# Exercise directions
An exact restatement of all the data is required, with the pictures left out.

------------------------------------------------

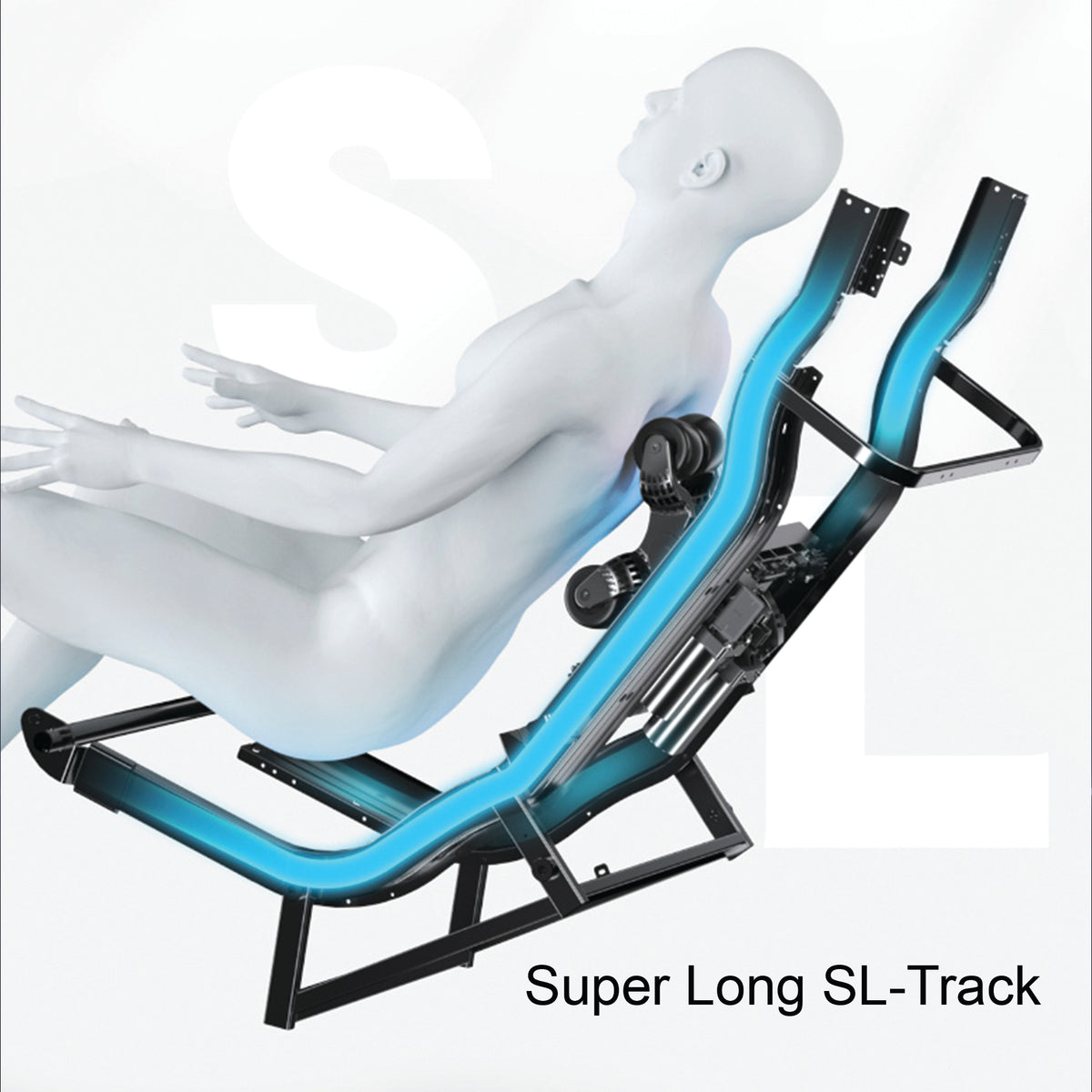 Lifesmart Nova 4D Faux Leather Zero Gravity Massage Chair R8658L — photo 11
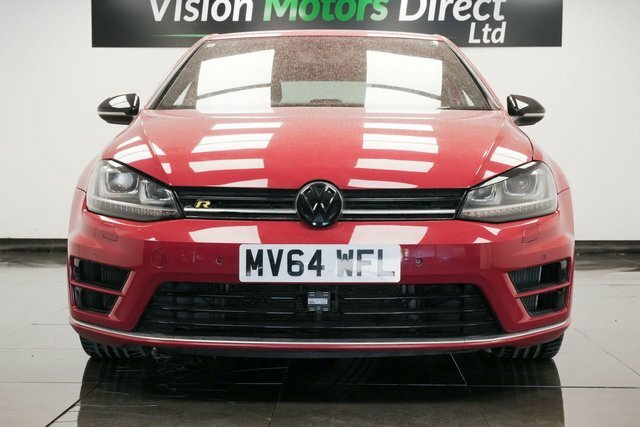 Volkswagen Golf 2.0 Tsi Bluemotion Tech R Dsg 4Motion Euro 6 S S MV64WFL Red #2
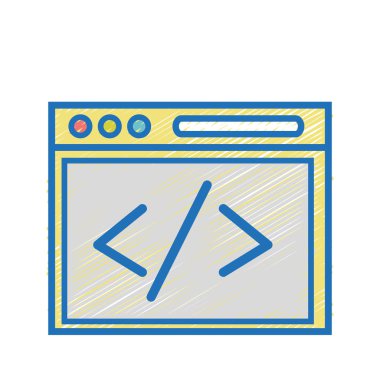 sayfa vektör çizim aramak için Web sitesi öğe teknoloji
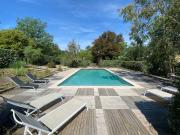 Villa Les Chênes avec piscine dans un domaine viticole 5 suites 11 pers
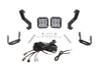 Diode Dynamics SS5 Bumper LED Pod Light Kit for 2019-Present Ram Sport - White Combo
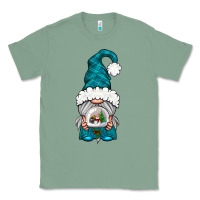 Sage winter gnome with snow globe Classic Tee - NancyCooperArtShop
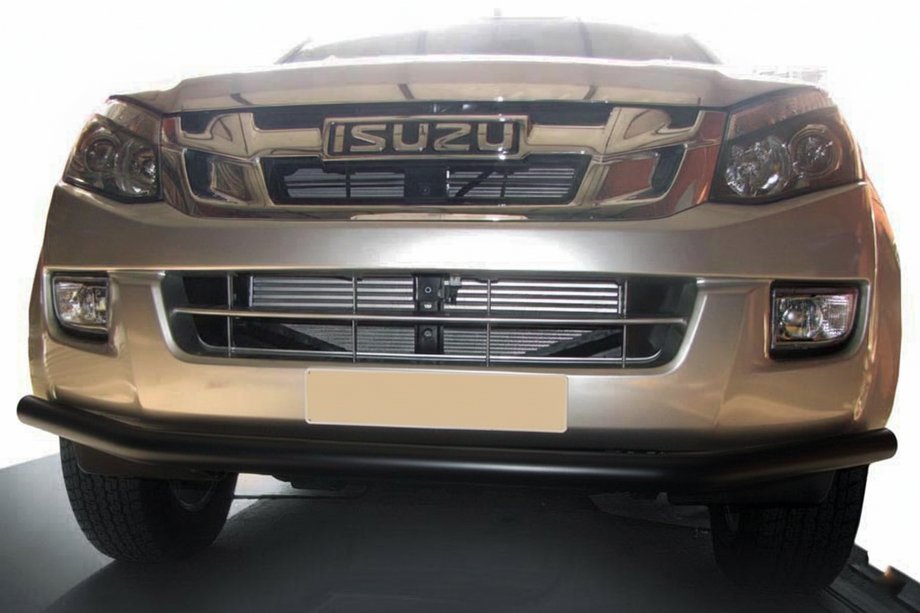 Isuzu D-Max 2011-2019 Frontschutzbügel ST014 Schwarz (Edelstahl) Image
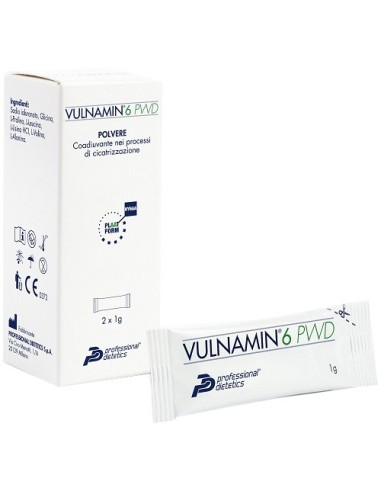 Vulnamin 6 pwd 2 stick da 1 g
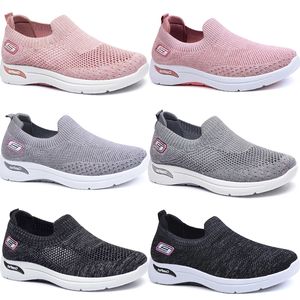 Skor för kvinnor Nya casual kvinnors skor Soft Soled Mother's Shoes Socks Shoes Gai Fashionable Sports Shoes 36-41 59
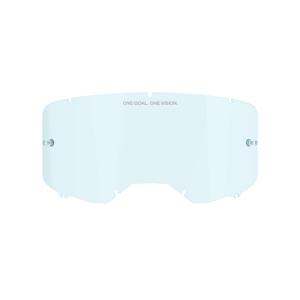 Plexiglas für Alpinestars Vision 8/5/3 Brille blau
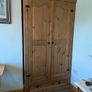 Wooden wardrobe Image 2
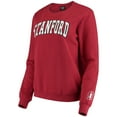 thumbnail image 2 of Women's Colosseum Cardinal Stanford Cardinal Campanile Pullover Sweatshirt, 2 of 3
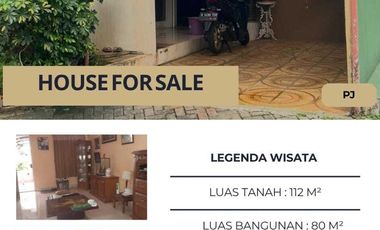 Di Jual Rumah Minimalis keren DiLegenda Wiata Cibubur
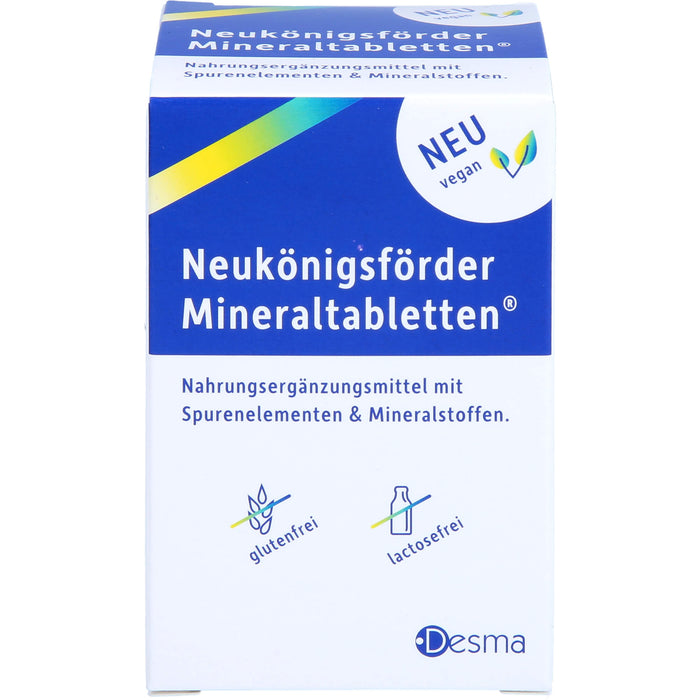 Neukönigsförder Mineraltabletten, 200 pcs. Tablets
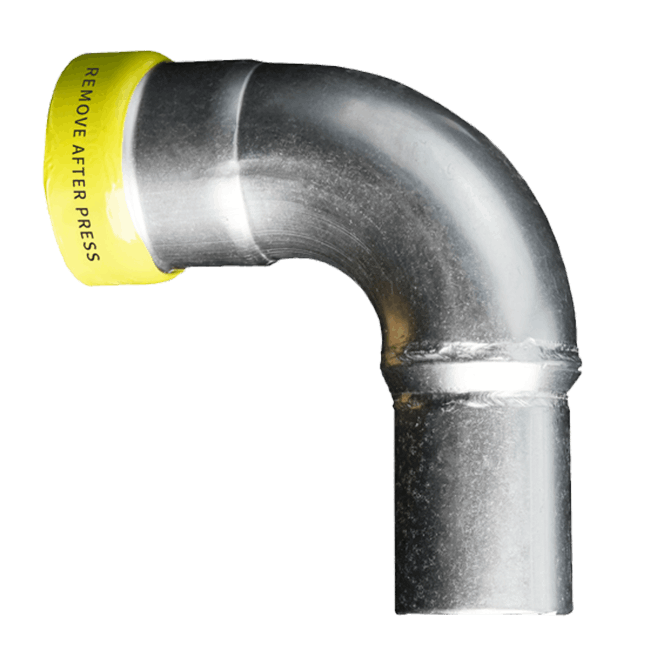 90°單向彎頭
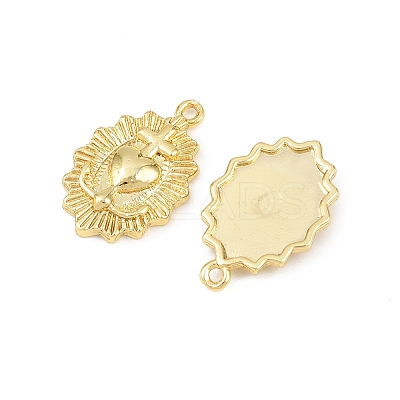 Brass Pendants KK-H093-02G-1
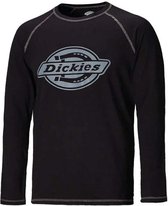 Dickies Atwood Zwart Long Sleeve T-Shirt Heren Size : M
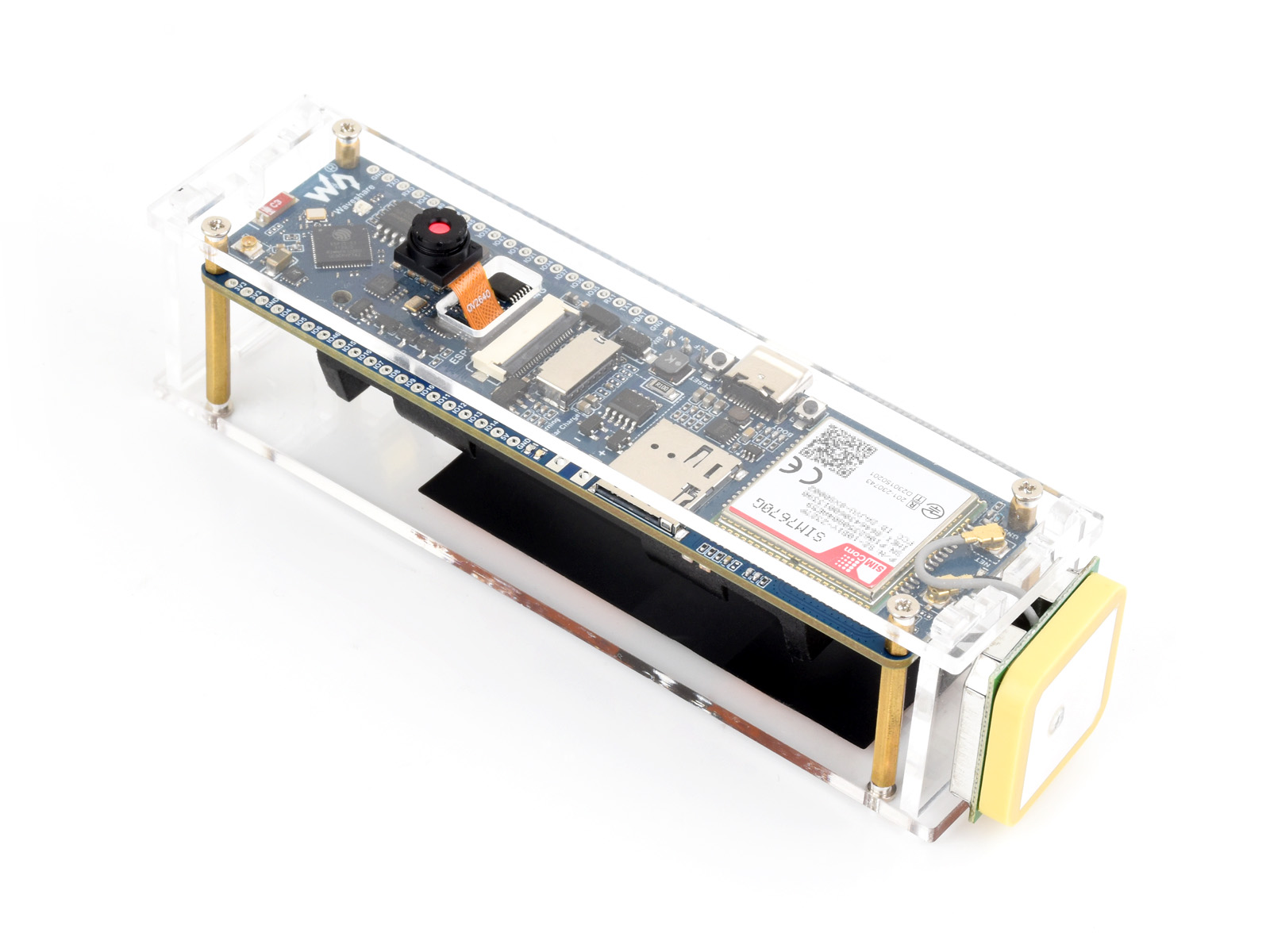 Esp32 - ESP32-S3-SIM7670G-4G Плата разработки Waveshare LTE Cat-1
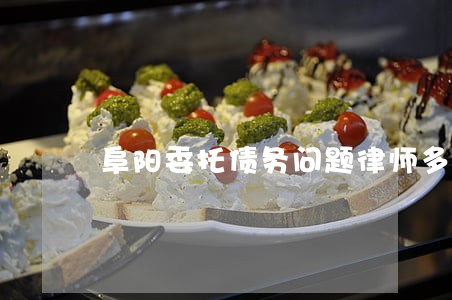 阜阳委托债务问题律师多少钱 阜阳委托债务问题律师多少钱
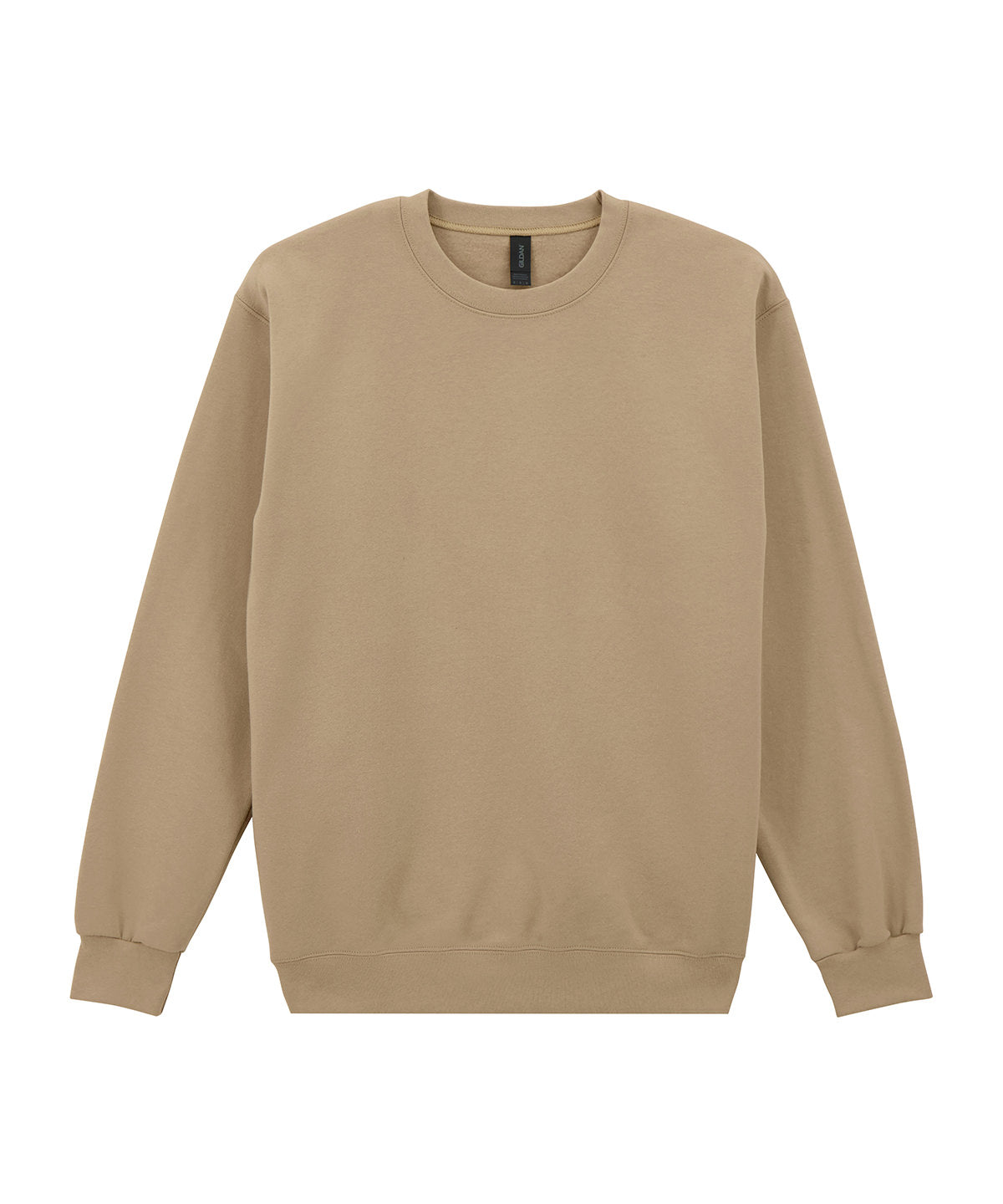 Hammer® Maxweight adult crew neck sweatshirt - GD027 - Tan - Customisable Sweatshirts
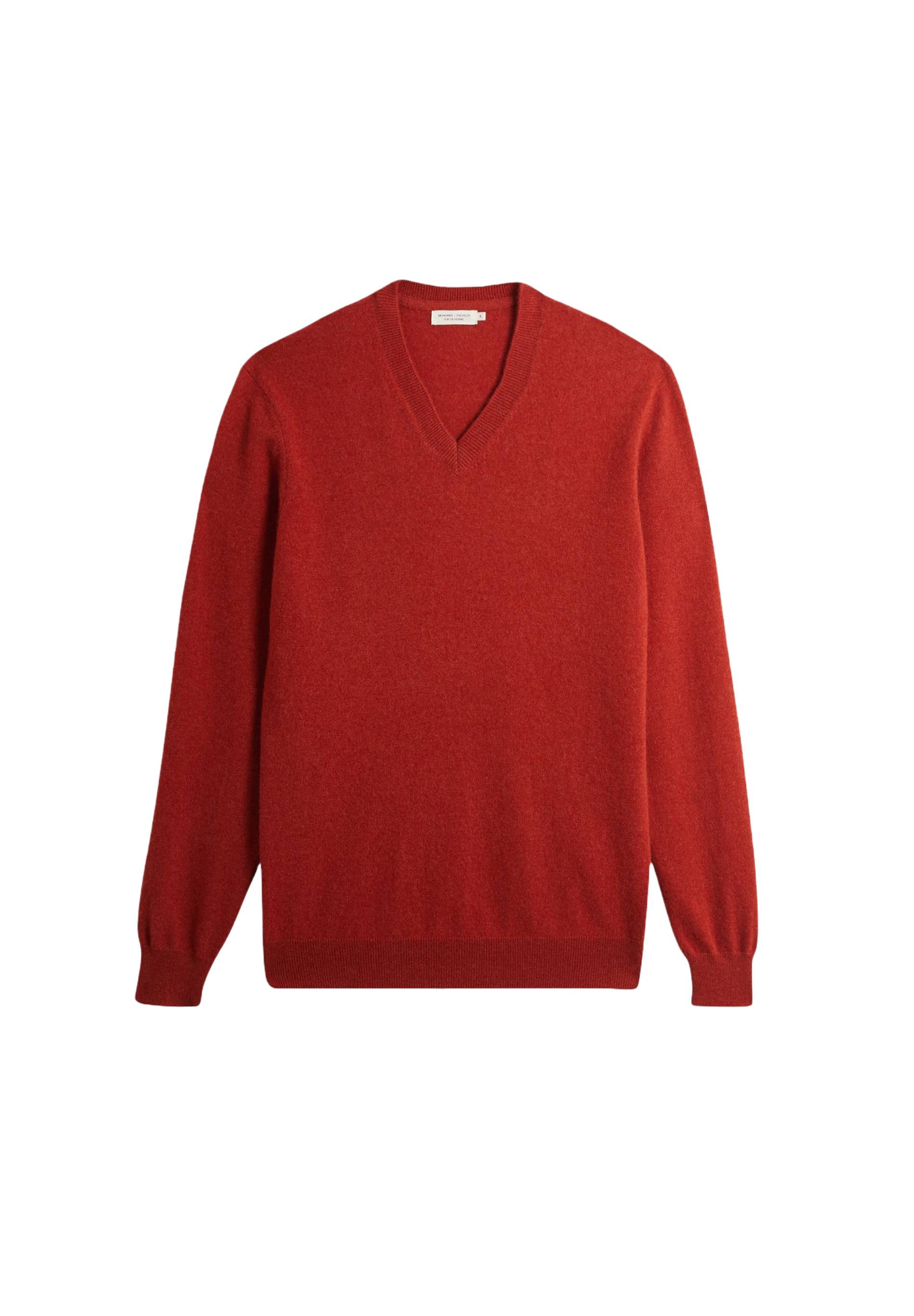 Pull en cachemire certifi&eacute; Oekotex, Rouge fonc&eacute;, large image number 5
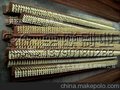 厂家定做 砌块砖机条刷、全自动砌块机毛刷、钢丝混合毛刷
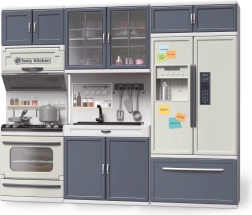 Küchenset mit Effekten 36×7×30 cm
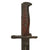 Original U.S. WWI & WWII M1905 Springfield 16 inch Rifle Bayonet Marked S.A. with M3 Scabbard - Dated 1918 Original Items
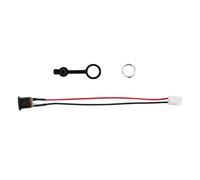 Oxxggkao Conector de Scooter eléctrico de conductividad Mejorada para conducción Aire Adaptador de Cargadores de aleación de Cobre con Enchufe D C de Cabeza Redonda para Bicicletas Scooter eléctricos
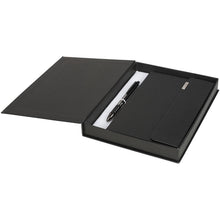 Load image into Gallery viewer, Tactical notebook gift set — Black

------------------------------------------------

# Exercise response
 Lifesmart Nova 4D Faux Leather Zero Gravity Massage Chair R8658L — photo 11
 Volkswagen Golf 2.0 Tsi Bluemotion Tech R Dsg 4Motion Euro 6 S S MV64WFL Red #2
 sayfa vektör çizim aramak için Web sitesi öğe teknoloji
 Villa Les Chênes avec piscine dans un domaine viticole 5 suites 11 pers
 Diode Dynamics SS5 Bumper LED Pod Light Kit for 2019-Present Ram Sport - White Combo
 Sage winter gnome with snow globe Classic Tee - NancyCooperArtShop
 Isuzu D-Max 2011-2019 Frontschutzbügel ST014 Schwarz (Edelstahl) Image
 Vulnamin 6 pwd 2 stick da 1 g
 Skor för kvinnor Nya casual kvinnors skor Soft Soled Mother's Shoes Socks Shoes Gai Fashionable Sports Shoes 36-41 59
 Plexiglas für Alpinestars Vision 8/5/3 Brille blau
 Wooden wardrobe Image 2
 thumbnail image 2 of Women's Colosseum Cardinal Stanford Cardinal Campanile Pullover Sweatshirt, 2 of 3
 Di Jual Rumah Minimalis keren DiLegenda Wiata Cibubur
 Neukönigsförder Mineraltabletten, 200 pcs. Tablets
 90°單向彎頭
 Brass Pendants KK-H093-02G-1
 Dickies Atwood Zwart Long Sleeve T-Shirt Heren Size : M
 Esp32 - ESP32-S3-SIM7670G-4G Плата разработки Waveshare LTE Cat-1
 阜阳委托债务问题律师多少钱 阜阳委托债务问题律师多少钱
 Hammer® Maxweight adult crew neck sweatshirt - GD027 - Tan - Customisable Sweatshirts
 Pull en cachemire certifi&eacute; Oekotex, Rouge fonc&eacute;, large image number 5
 厂家定做 砌块砖机条刷、全自动砌块机毛刷、钢丝混合毛刷
 Küchenset mit Effekten 36×7×30 cm
 Original U.S. WWI & WWII M1905 Springfield 16 inch Rifle Bayonet Marked S.A. with M3 Scabbard - Dated 1918 Original Items
 Oxxggkao Conector de Scooter eléctrico de conductividad Mejorada para conducción Aire Adaptador de Cargadores de aleación de Cobre con Enchufe D C de Cabeza Redonda para Bicicletas Scooter eléctricos
 Load image into Gallery viewer, Tactical notebook gift set — Black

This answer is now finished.